THCudaCheck FAIL file=/opt/conda/conda-bld/pytorch_1591914886554/work/aten/src/THC/THCGeneral.cpp line=47 error=999 : unknown error
Traceback (most recent call last):
  File "<stdin>", line 1, in <module>
  File "/home/user/anaconda3/envs/work/lib/python3.8/site-packages/torch/cuda/__init__.py", line 330, in current_device
    _lazy_init()
  File "/home/user/anaconda3/envs/work/lib/python3.8/site-packages/torch/cuda/__init__.py", line 153, in _lazy_init
    torch._C._cuda_init()
RuntimeError: cuda runtime error (999) : unknown error at /opt/conda/conda-bld/pytorch_1591914886554/work/aten/src/THC/THCGeneral.cpp:47

nvidia-smi works. For CUDA_VISIBLE_DEVICES, I get nothing.

This happens to me sometimes and to fix without rebooting I reload gpu using

$ sudo rmmod nvidia_uvm
$ sudo modprobe nvidia_uvm

No idea why it happens though

2 Likes

This works. How did you find out this solution? It’s so weird right. Suddenly it stops working. I think there’s some internal functioning of pytorch that changes something

Hmmm…since it worked on rebooting my laptop, I guessed it should work by just reloading the gpu. So, searched online on how to reboot nvidia gpu.

Thanks for the solution. This has been bothering me for quite some time now. I’m sure they’ll fix this in later versions.

Are any other CUDA applications running fine, i.e. are you able to run some CUDA examples etc.?
I’m not sure, if this is a PyTorch-related issue or rather a CUDA/NVIDIA driver issue.

1 Like

I didn’t check that unfortunately.
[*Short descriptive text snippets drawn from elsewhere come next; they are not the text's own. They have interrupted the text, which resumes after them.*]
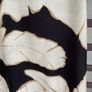 Black and cream patterned long dress summer 10/12 Image 4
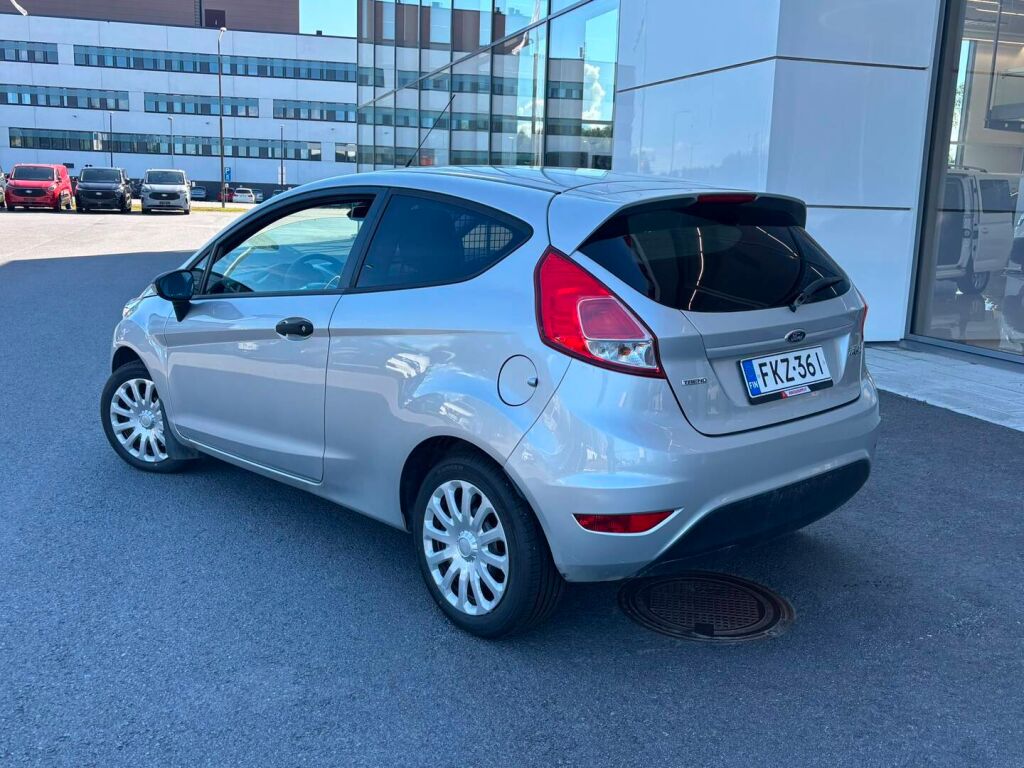 Ford Fiesta Van 2013 Harmaa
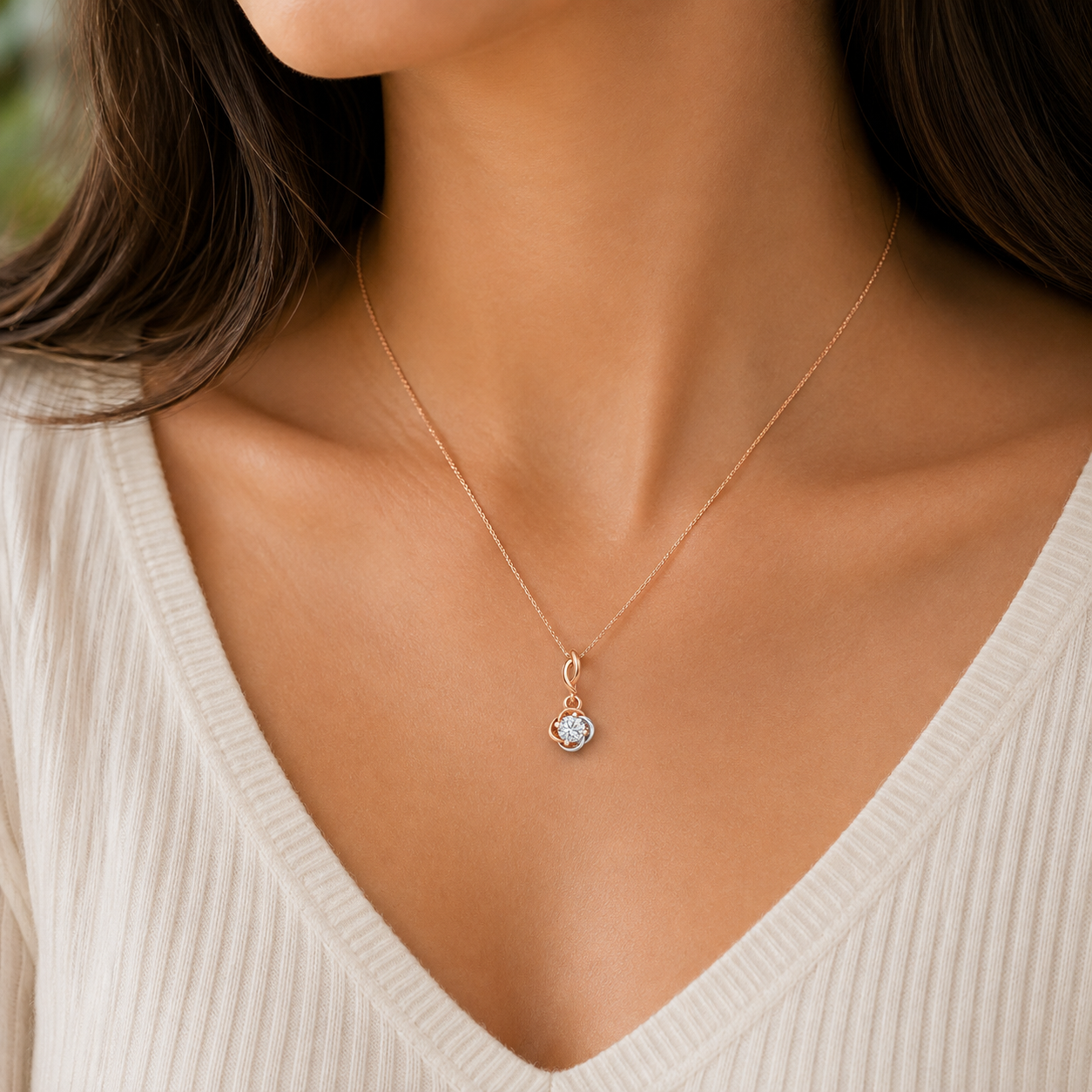 ELEGANCE EMBRACE PENDANT - Image 4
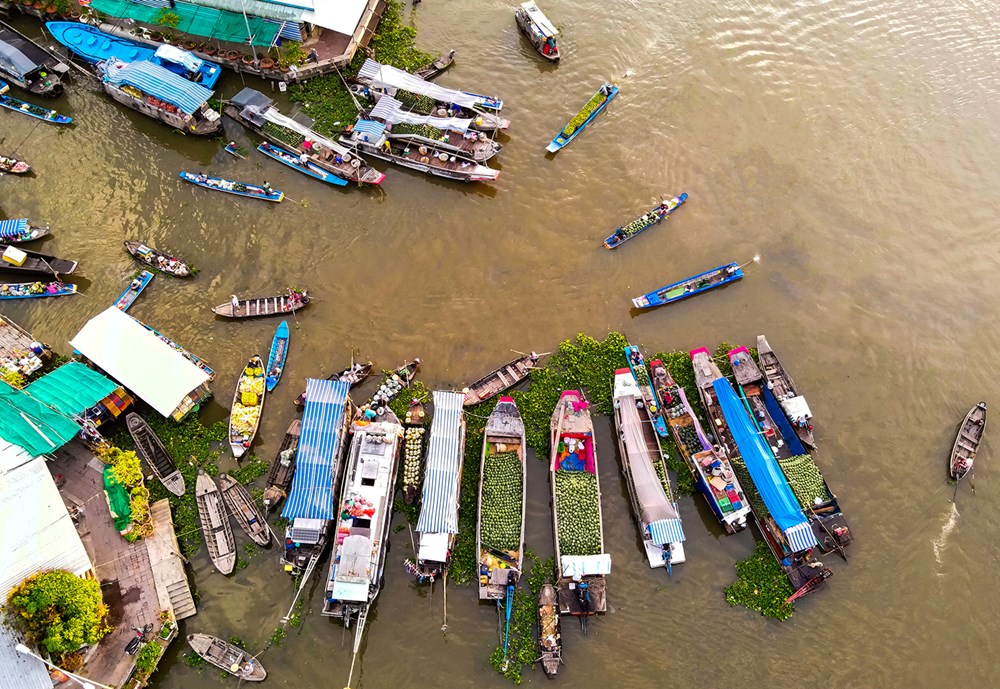 Khi chợ nổi không còn… “nổi”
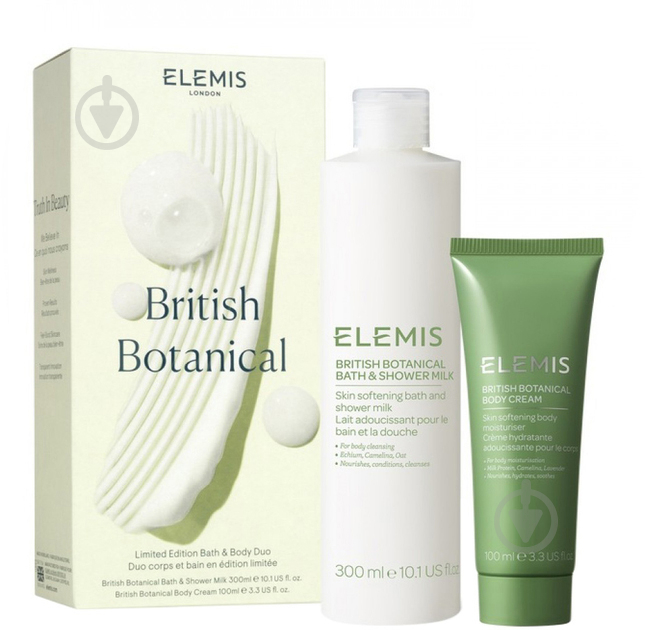 Набор ELEMIS British Botanicals Body Duo - фото 1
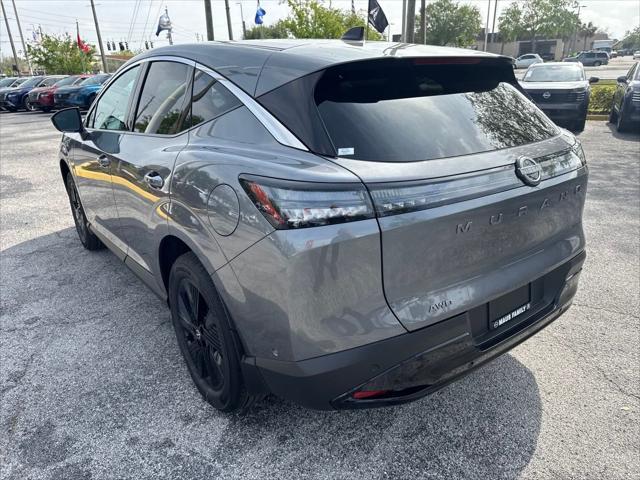 new 2025 Nissan Murano car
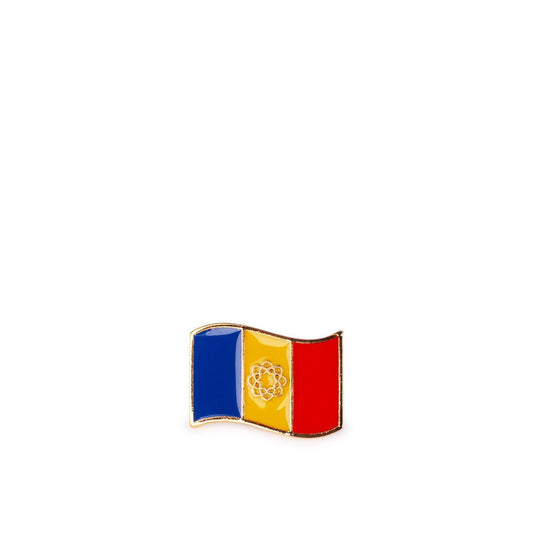 Esperia Soka Gakkai Flag Pin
I can try checking with Keras if that lobrary is unable to recognize the GPU.

I’ll also try running CUDA examples from within the environment and outside it.

Hello Flock!

Just to share my experience (with an old version of pytorch and an
old gpu):

I see something similar to this. If I launch a fresh python session
and run a pytorch script that uses cuda, then if I don’t use cuda
(or maybe just the python session) for a short-ish amount of time,
future use of cuda in that python session fails.

But I don’t have to reboot my machine or “reload the gpu” to get
it working again; I only have to exit and restart python.
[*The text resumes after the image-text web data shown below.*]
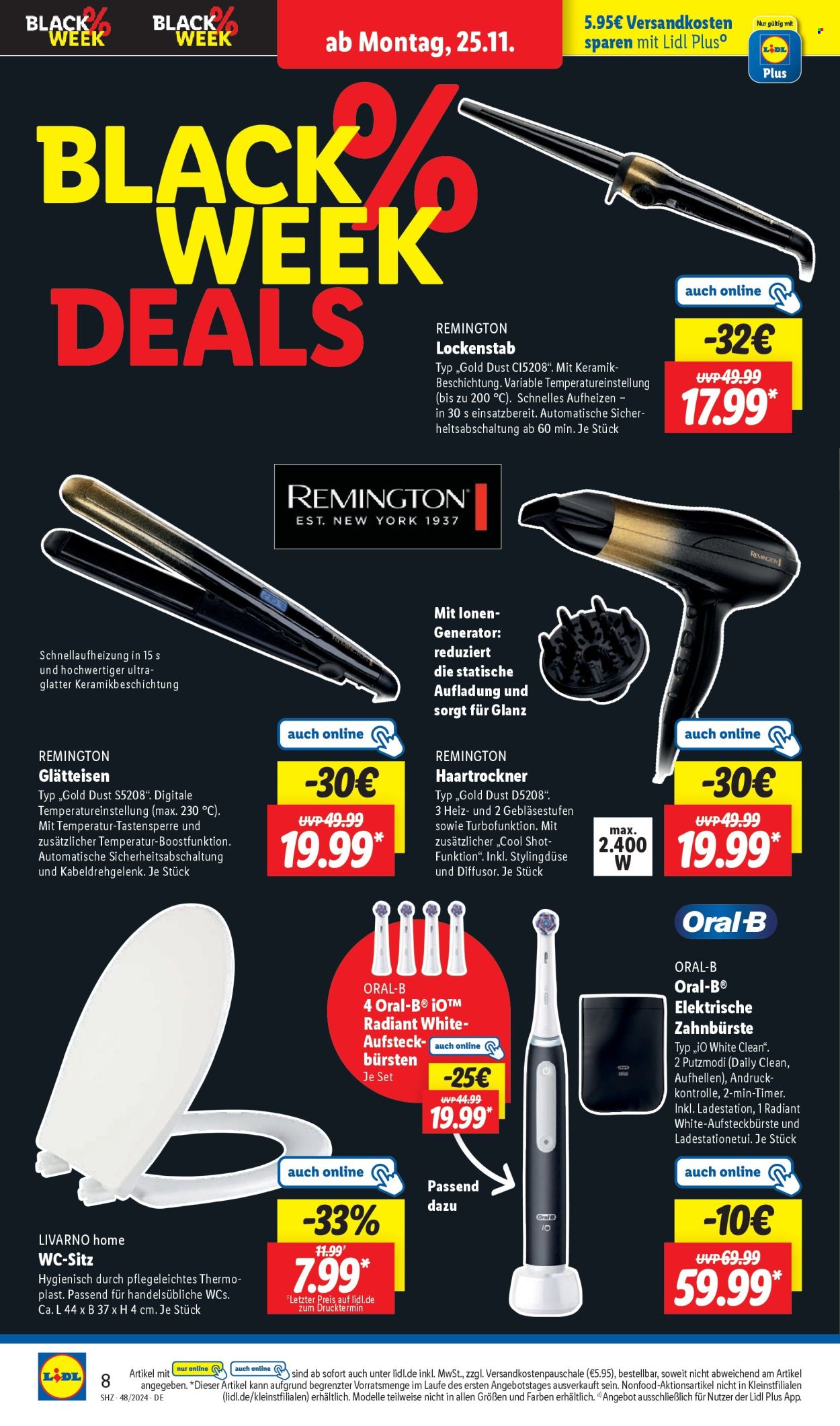 Lidl Prospekte  - 25.11.2024 - 30.11.2024. Seite 8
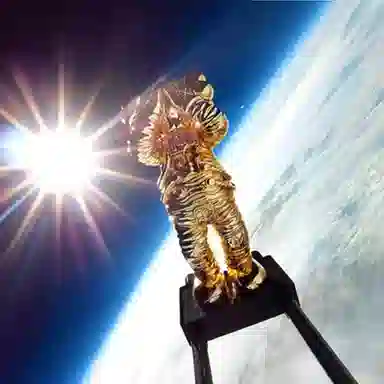 KAWS KAWS HOLIDAY SPACE COMPANION 30cm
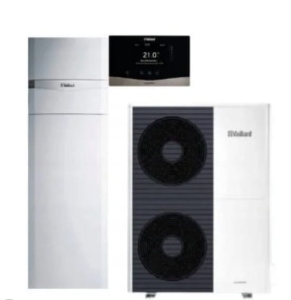 VAILLANT Zestaw Pompa ciepła aroTHERM Plus VWL 105/6A monoblok + centrala grzewcza uniTOWER VIH QW 190/6E + sterownik sensoCOMFORT VRC 720 0010044182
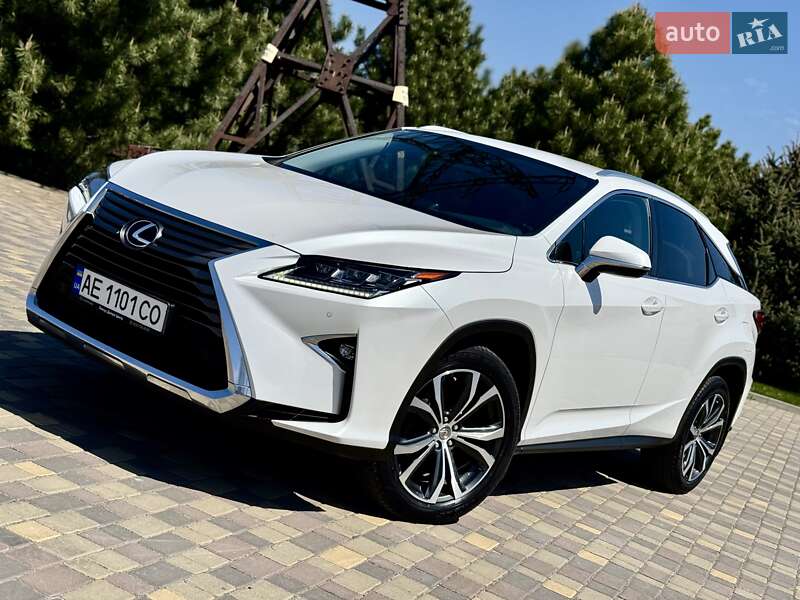 Lexus Rx (2017)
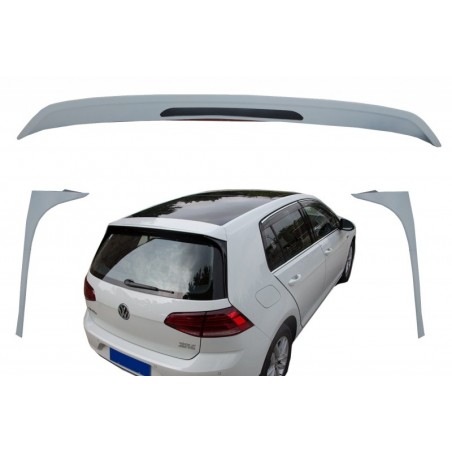 Windshield Roof Wing Fins Spoiler suitable for VW Golf 7 VII (2012-2017) Facelift GTI Design, Nouveaux produits kitt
I haven’t found any fix for it – I just live with it, restarting python as
necessary.

Here’s a post of mine with some related observations:

Best.

K. Frank

Can you please share the versions of PyTorch and CUDA you are using (and perhaps a GPU type)?
Also, are there any messages printed to the kernel log (can be checked by running dmesg) when this happens?

Hey Frank,

Thank you for sharing your experience.

I see something similar to this. If I launch a fresh python session
and run a pytorch script that uses cuda, then if I don’t use cuda
(or maybe just the python session) for a short-ish amount of time,
future use of cuda in that python session fails.

This is what happens but unfortunately for me, I have either have to restart the machine or reload the GPU. Just restarting python didn’t help. I even tried reloading the conda environment. It’s as if a switch went off and I have to physically switch it on again.
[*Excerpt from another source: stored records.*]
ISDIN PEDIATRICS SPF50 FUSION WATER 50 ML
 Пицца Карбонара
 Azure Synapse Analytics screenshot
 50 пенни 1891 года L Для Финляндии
I use PyTorch through conda environment.
PyTorch: 1.5.1
Cuda tool kit: 10.1.243

On my machine, I have CUDA 11 for RTX 2070 Super GPU

Does working from an anaconda environment affect this? Because the environment won’t use the CUDA innstalled on the machine but the one dowanloded by anaconda itself.

As you said, the cudatoolkit from the conda binaries will be used and your local CUDA11 installation will thus not be used.
What do you mean by “affect this”?

I was referring to pytorch suddenly stops recognising thr GPU by ‘affect this’. So what I wanted to ask if is how to check which CUDA is causing the problem. The one that was installed with anaconda (cudatoolkit) or the one that’s locally installed (Cuda 11).

Thanks for the explanation. As said, the cudatoolkit (shipped via the binaries) will be used.
However, I doubt that CUDA is responsible for this behavior and would first look into potential hardware, driver, PSU issues.
You could check dmesg for any XID errors.